Trust the Specialist.

Such, then, are the arguments which are advanced in all seriousness, and without a suspicion or twinkle of humour, to prove that blood-sports are a benefit to mankind and to the lower races alike. But before concluding I must mention one other piece of reasoning which is as amusing as any specimen of sportsman’s logic—the “trust the specialist” fallacy, which asserts that none but sportsmen can fairly pass judgment on sport. For example, when a memorial was presented to a former Prime Minister against the Royal Buckhounds, a certain paper gravely remarked that “what proportion of the protesting gentlemen had ever been on horseback, it was not easy to determine.” The assumption, it will be seen, is that when any cruel practice is arraigned before public opinion, we are not merely to trust the specialist on technical matters that rightly lie within his ken, but we are to let him decide the wider ethical issues, on which, being no more than human, he is certain to have the strongest professional prejudice. It is an argument worthy of the Sublime Porte itself.

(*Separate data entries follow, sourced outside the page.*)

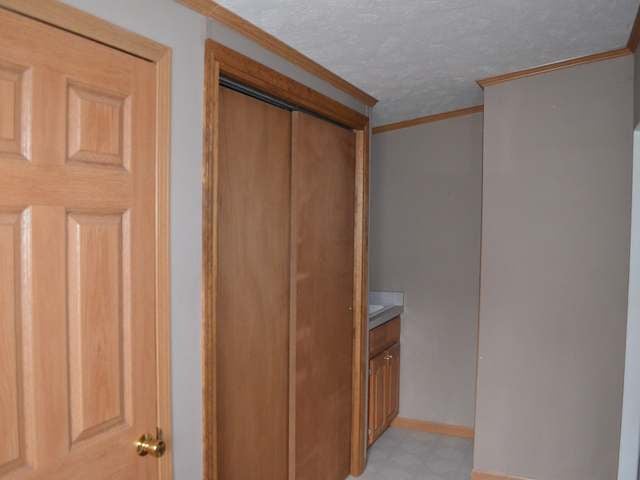 2195 Olson Road Tomahawk, WI 54487 - Photo 17 of 20 Gallery Image 17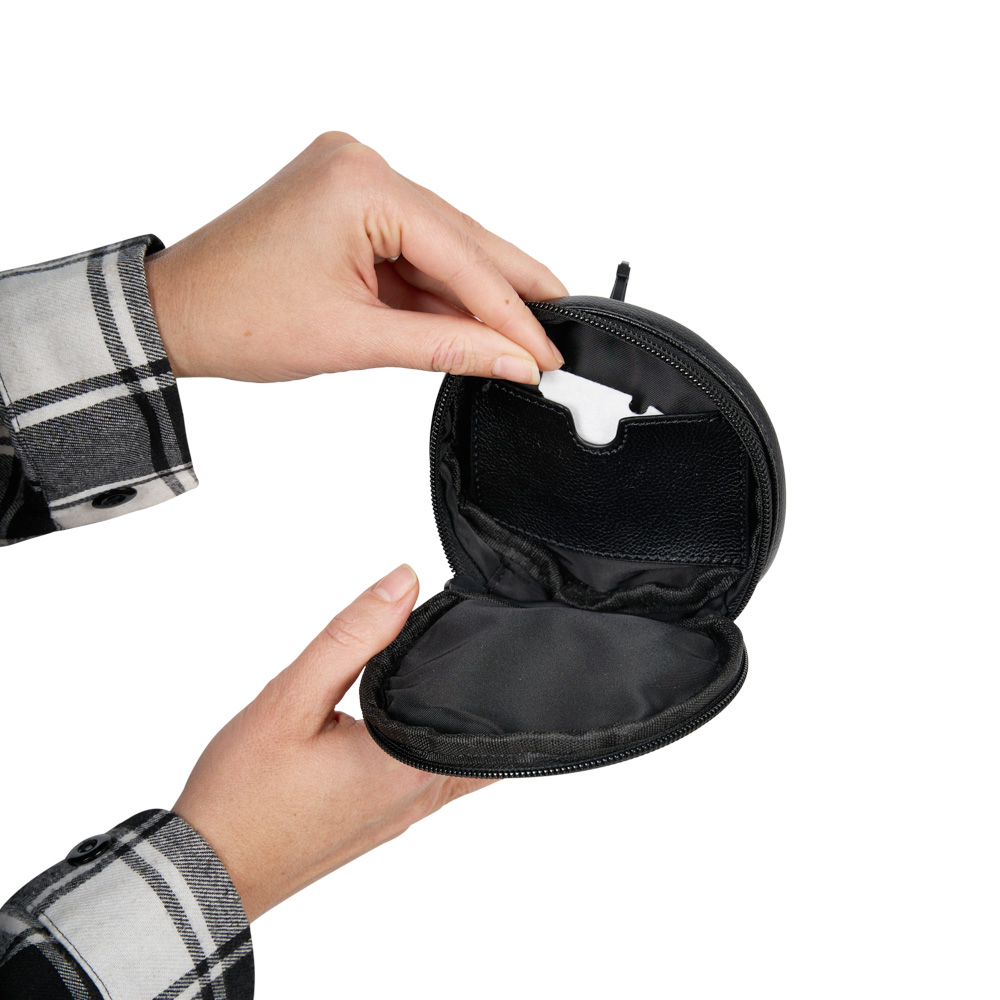 Концентратор кислорода Армед F1 <span>Портативный</span>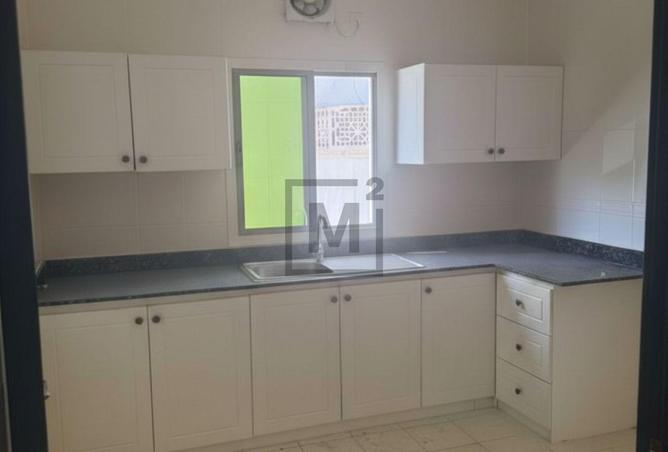 997713 - Property Image 3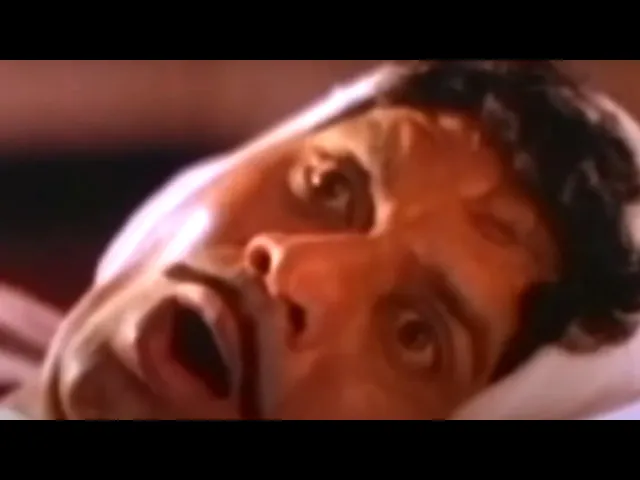 Kilukkam - Jagathi In Hospital Scene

In like manner Lord Ribblesdale, when defending stag-hunting in his book on “The Queen’s Hounds,” expressed the sportsman’s case as follows: “Most people will agree that conclusions founded on practice must always have a slight pull when placed in the scales with conclusions based upon theory, hearsay, or conjecture—even granting the fullest credit for sincerity and bona fides to the opponents of stag-hunting.”

Now, it is, of course, absurd to represent the ethical objections to sport as “based upon theory, hearsay, or conjecture,” for the methods of sportsmen are well known and beyond dispute, and many of those who most strongly condemn such practices have been sportsmen themselves and are thoroughly conversant with the facts. But what I wish to point out is that Lord Ribblesdale’s description of the sportsman’s defence of sport as “a conclusion founded on practice” might be just as logically applied to the criminal’s defence of crime. To invoke the judgment of an expert on the morality of a practice in which he is professionally interested is an error similar to that of setting the cat to watch the cream.

On the whole, it is not surprising that the sportsman who can devise no cleverer modes of escape from his humanitarian pursuers than the sophisms above mentioned is already being brought to bay, and stands in imminent danger of being, controversially, “broken up.” Indeed, considering the nature of the arguments adduced in its favour, one is inclined to think that sport must be not only cruel to the victims of the chase, but ruinous to the mental capacity of the gentlemen who indulge in it. It can hardly be doubted that the ludicrous aspect of modern sport will more and more present itself to those who possess the sense of humour; and we may even hope that the poverty-stricken caricaturists of our comic papers will some day relinquish their threadbare jokes over the blunders of the hunting-field and the shooting-box, to discover that the subject of sport is rich in another kind of comedy—the essential silliness of the habit itself, and the crass absurdity of the arguments put forward by its apologists.